Note: Market size and forecast figures in this report are generated using Mordor Intelligence’s proprietary estimation framework, updated with the latest available data and insights as of January 2026.
Malaysia Refined Petroleum Products Market Trends and Insights
Drivers Impact Analysis
| Driver | (~) % Impact on CAGR Forecast | Geographic Relevance | Impact Timeline |
|---|---|---|---|
| Surge in domestic transportation fuel demand | 1.2% | Peninsular Malaysia (Selangor, Kuala Lumpur, Johor), spillover to Sabah and Sarawak | Medium term (2-4 years) |
| Expansion of petrochemical downstream integration | 0.8% | Johor (Pengerang), Melaka, potential expansion in Sarawak (Bintulu) | Long term (≥ 4 years) |
| Government incentives for bunker fuel hub development | 1.0% | Johor (Pengerang, Port of Tanjung Pelepas), Selangor (Port Klang) | Medium term (2-4 years) |
| Bio-refinery investments for Sustainable Aviation Fuel | 0.6% | Johor (Pengerang), national aviation sector impact | Long term (≥ 4 years) |
| Strategic stockpiling policies enhancing refinery utilization | 0.5% | National, with primary storage expansion in Johor (Pengerang, Tanjung Langsat) | Medium term (2-4 years) |
| Regional supply-chain shifts due to shipping lane realignments | 0.4% | Malacca Strait corridor, Johor (Pengerang), Selangor (Port Klang) | Medium term (2-4 years) |
| Source: Mordor Intelligence | |||
Surge in Domestic Transportation Fuel Demand
Malaysia added 799,731 vehicles in 2023, with passenger cars dominating registrations and cementing a robust gasoline and diesel requirement despite fewer than 20,000 cumulative electric vehicles by 2024.[1]Road Transport Department Malaysia, “Vehicle Registration Statistics 2023,” JPJ, jpj.gov.my Subsidized RON95 pricing at MYR 1.99 per liter shields household budgets, yet mid-2025 subsidy retargeting moves higher-income drivers toward RON97, sustaining overall throughput.
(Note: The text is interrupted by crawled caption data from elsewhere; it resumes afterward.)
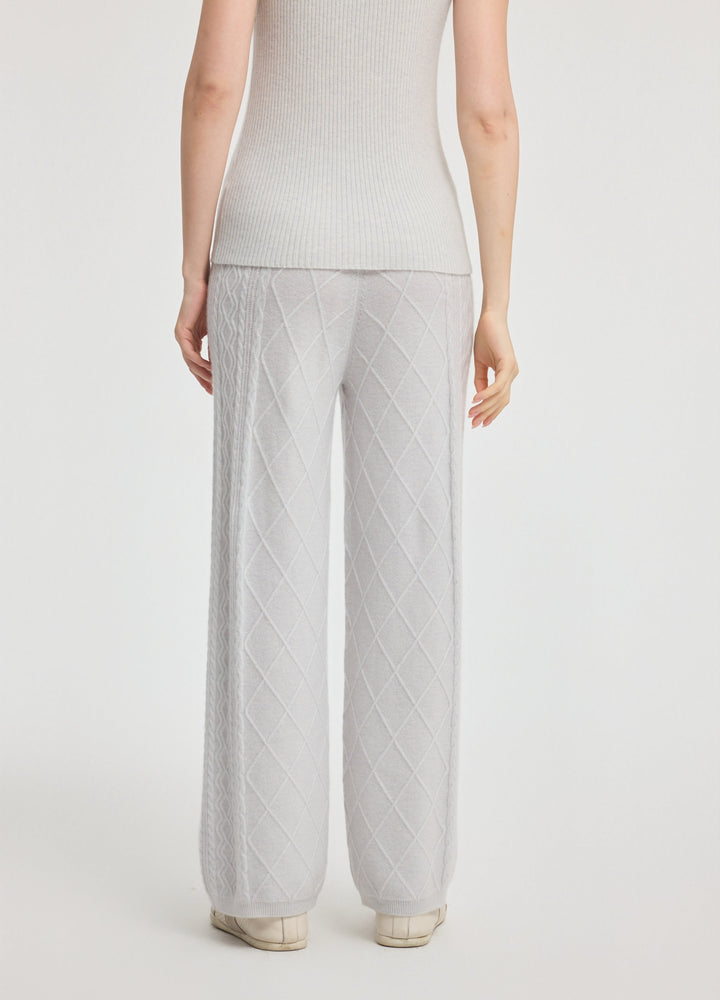 Cashmere Diamond Cable Trousers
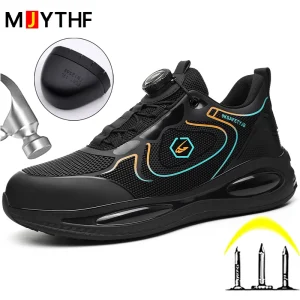 2025 nuove scarpe antinfortunistiche da uomo impermeabili scarpe da ginnastica con punta in acciaio fibbia ruotata stivale di sicurezza da lavoro a prova di foratura scarpa da lavoro con cuscino d'aria da uomo 1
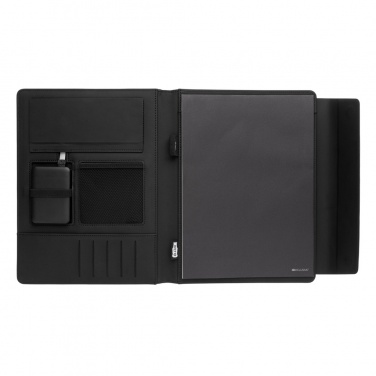 Logo trade advertising product photo of: Fiko 5W wireless charging portfolio A4 with powerbank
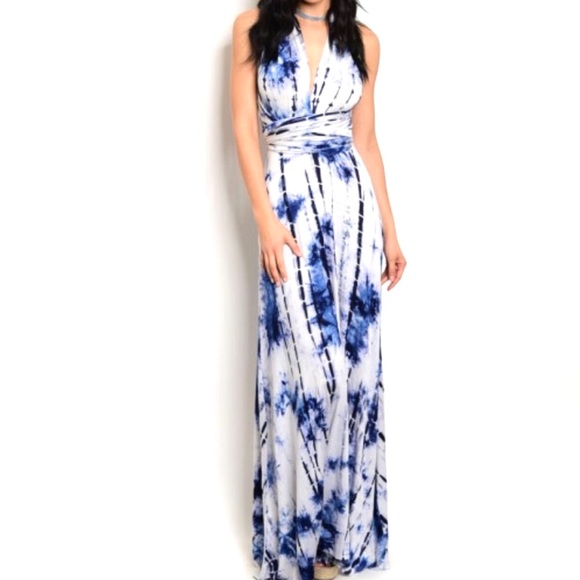 CONVERTIBLE BLUE TIE DYE MULTI-WAY MAXI DRESS-NEW - Picture 3 of 8
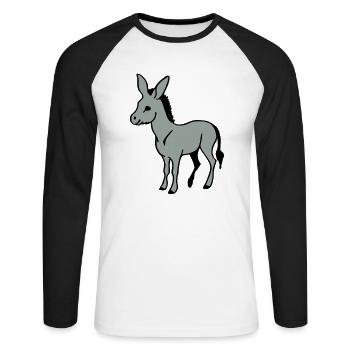 Âne - T-shirt baseball manches longues Homme - blanc/noir - Devant - Nik (191cm)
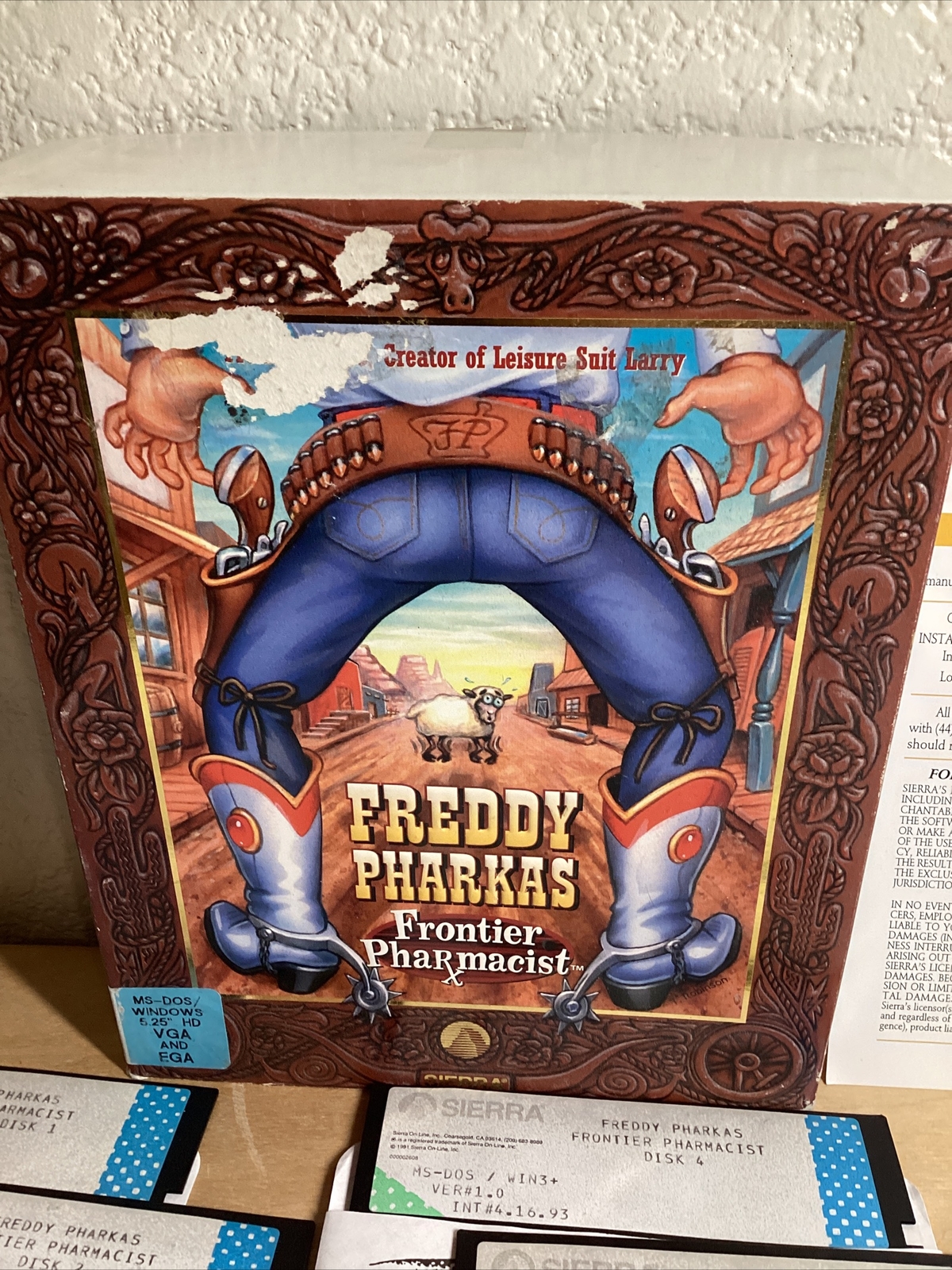Freddy Pharkas Frontier Pharmacist Big Box MS DOS 5.25 Sierra (1993)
Fuel retailers are cushioning thin margins through Setel’s DuitNow QR and Touch ’n Go e-wallet integration, which streamlines forecourt payments for nine million users. Long-haul trucking between Peninsular hubs and East Malaysian states depends on diesel, insulating demand from localized EV adoption concentrated in Klang Valley urban centers.[2]Ministry of Finance Malaysia, “Budget 2025 and Carbon Tax Announcement,” MOF, mof.gov.my
Expansion of Petrochemical Downstream Integration
The Pengerang Integrated Complex couples 300,000 bpd of refining with 3.3 million tpy of petrochemical capacity, allowing PETRONAS to swing output between fuels and higher-margin olefins.[3]PETRONAS, “Annual Report 2024,” PETRONAS, petronas.com Hengyuan is studying a similar naphtha-to-olefins retrofit at Port Dickson but must lock in feedstock and financing before proceeding. Integrated assets position Malaysia to ship polymer precursors to Vietnam and Indonesia, which imported more than 1.5 million t of Malaysian chemicals in 2024. Dialog Group’s storage farms at Pengerang provide blending and staging flexibility that minimizes vessel waiting time.[4]Dialog Group, “Annual Report 2024,” Dialog Group, dialoggroup.com.my
Government Incentives for Bunker Fuel Hub Development
Putrajaya introduced tax holidays on bunker fuel and funded floating-storage upgrades to lure some of the 94,000 annual Malacca Strait transits that now refuel in Singapore. Dialog’s additional 150,000 m³ of tankage at Tanjung Langsat will be ready by FY 2027 and is earmarked largely for marine fuels. PETRONAS Marine already supplies very-low-sulfur, ultra-low-sulfur, high-sulfur, bio-blend, and LNG bunkers, letting operators hedge among compliance options.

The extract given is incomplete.